Once out of the hills the scenery change back to dry and arid flat(ish) lands, and the people look noticeably poorer than the hill folk. Like Malawi there are a lot of half built and half derelict houses all along the road side.



Tanzania has a large muslim population so we passed many small mosques on the journey.


There is also a road upgrade project on, well that is what I am assuming anyway. Along virtually the whole length of the road stand houses with red and green X’s painted on them. Red are closer to the road than green and some of the green have 30m on the side, which I am assuming marks a line thirty metres from the edge of the current road. I guess someday they will be flattened.

We have been advised to not take photos of people out of the truck as it can upset some of the locals, so most of my shots are empty of people, but I assure you there are a lot about. Some are friendly and wave, the kids on the way to and from school particularly so.

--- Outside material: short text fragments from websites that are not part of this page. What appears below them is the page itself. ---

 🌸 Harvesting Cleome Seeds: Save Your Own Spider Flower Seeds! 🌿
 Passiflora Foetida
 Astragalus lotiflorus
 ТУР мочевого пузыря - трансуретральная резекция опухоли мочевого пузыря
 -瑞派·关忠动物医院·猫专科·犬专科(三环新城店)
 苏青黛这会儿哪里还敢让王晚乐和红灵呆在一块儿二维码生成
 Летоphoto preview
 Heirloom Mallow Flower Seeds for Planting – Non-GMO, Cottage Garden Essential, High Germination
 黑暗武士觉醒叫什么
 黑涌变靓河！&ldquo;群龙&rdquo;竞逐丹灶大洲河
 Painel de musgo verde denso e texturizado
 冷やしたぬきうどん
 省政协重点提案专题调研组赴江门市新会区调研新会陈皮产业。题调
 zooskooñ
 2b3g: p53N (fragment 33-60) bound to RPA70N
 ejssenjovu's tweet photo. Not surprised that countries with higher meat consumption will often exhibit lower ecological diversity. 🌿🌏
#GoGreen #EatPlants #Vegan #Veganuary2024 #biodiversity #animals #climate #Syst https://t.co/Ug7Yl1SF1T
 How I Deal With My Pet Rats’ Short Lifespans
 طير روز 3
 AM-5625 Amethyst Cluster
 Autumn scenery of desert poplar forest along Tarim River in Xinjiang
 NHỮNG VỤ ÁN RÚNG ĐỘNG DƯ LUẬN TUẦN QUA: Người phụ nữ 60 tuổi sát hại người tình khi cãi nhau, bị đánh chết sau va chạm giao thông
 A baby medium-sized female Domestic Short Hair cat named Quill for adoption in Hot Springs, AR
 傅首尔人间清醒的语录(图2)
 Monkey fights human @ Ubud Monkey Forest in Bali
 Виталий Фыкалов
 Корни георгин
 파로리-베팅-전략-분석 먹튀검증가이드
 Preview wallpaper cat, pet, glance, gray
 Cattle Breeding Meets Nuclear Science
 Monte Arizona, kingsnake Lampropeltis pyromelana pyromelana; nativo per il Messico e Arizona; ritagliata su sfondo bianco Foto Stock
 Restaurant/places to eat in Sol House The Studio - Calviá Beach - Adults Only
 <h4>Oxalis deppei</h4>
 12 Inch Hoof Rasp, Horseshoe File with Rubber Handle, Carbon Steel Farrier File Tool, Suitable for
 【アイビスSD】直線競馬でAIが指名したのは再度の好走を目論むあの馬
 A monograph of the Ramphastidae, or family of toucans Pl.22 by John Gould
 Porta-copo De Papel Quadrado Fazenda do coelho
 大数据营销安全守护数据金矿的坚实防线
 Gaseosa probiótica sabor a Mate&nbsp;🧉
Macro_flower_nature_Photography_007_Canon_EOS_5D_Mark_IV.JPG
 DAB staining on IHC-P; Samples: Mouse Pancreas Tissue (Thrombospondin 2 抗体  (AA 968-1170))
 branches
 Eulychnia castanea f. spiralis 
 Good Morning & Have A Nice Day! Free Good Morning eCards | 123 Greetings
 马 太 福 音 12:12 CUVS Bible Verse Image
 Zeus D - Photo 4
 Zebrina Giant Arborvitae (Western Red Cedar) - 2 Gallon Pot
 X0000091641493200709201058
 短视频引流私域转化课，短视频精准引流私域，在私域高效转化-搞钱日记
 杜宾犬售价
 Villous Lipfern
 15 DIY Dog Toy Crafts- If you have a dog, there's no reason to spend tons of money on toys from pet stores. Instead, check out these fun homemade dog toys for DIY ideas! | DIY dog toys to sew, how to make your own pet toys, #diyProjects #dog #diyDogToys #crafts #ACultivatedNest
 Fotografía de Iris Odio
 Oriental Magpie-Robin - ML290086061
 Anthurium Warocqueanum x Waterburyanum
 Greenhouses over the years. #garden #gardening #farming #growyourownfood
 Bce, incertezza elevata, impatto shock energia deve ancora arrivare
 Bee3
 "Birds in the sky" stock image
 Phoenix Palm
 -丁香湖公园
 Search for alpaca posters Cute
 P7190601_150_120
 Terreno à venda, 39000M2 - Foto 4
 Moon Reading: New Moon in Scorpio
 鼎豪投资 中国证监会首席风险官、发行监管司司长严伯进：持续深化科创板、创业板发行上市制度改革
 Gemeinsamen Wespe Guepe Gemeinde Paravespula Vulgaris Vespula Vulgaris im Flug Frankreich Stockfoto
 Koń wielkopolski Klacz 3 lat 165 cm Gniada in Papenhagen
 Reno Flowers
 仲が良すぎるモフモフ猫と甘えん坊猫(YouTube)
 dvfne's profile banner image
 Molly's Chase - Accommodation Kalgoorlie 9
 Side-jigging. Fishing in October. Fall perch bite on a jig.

Most of the photos are taken through the window so loads of reflections – too lazy to drop the window!


This road is apparently littered with crashed trucks, we saw a couple today.


As mid-afternoon came around and we were still three of four hours away from the campsite for the night we arrived in one of the bigger towns looking for a gas station, there were plenty but none seem to have diesel, apparently there is a massive shortage – we didn’t realise the guys had been looking for a while. The government forced the oil companies to lower the cost of fuel so they just stopped delivering it…. we pulled into a deserted forecourt (that had loos !) and using air from the compressor pushed the last of the fuel from the secondary into the primary tank and with fingers crossed carried on.



Yay – tuk tuks !


Eventually we found a gas station that had diesel, we were there for a while as we waited for the local black marketeers to fill jerry can loads of diesel they can sell to stranded trucks and cars on the way. I think we were lucky, we did get two full tanks – about $600USD worth. Hallelujah !


Will had wanted to get to the campsite in daylight as driving on the roads are stressful as it is. However, it was dark soon after leaving the gas station and it started to get cold and rainy, luckily the rain stopped before we reached camp. The farm house campsite was really nice, great hot showers and clean non-smelly long drop loos. The added bonus was a lovely amurula hot chocolate they make in the bar, I had one for dessert. Up at 4:30 tomorrow, so an early night.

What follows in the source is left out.